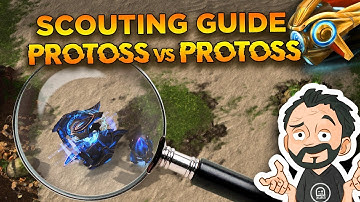 StarCraft 2 - Guide: How to SCOUT in Protoss vs Protoss?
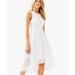 Lilly Pulitzer Dresses | Lilly Pulitzer White Tilly Midi Dress Size M | Color: White | Size: M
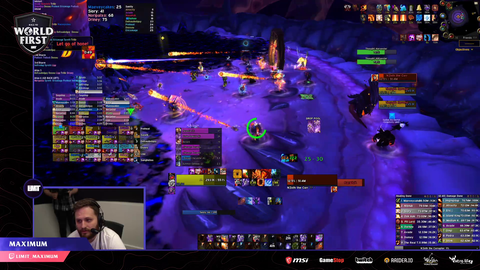 <Complexity Limit> gets World First N'Zoth, first time an NA guild has gotten one since 2013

···

(What you will do)
With pictures excluded, restate word for word the lines from the one that contains "Lilly Pulitzer Dresses" through the end of the material, inclusive, and nothing more.

(Result)
 Lilly Pulitzer Dresses | Lilly Pulitzer White Tilly Midi Dress Size M | Color: White | Size: M
 <Complexity Limit> gets World First N'Zoth, first time an NA guild has gotten one since 2013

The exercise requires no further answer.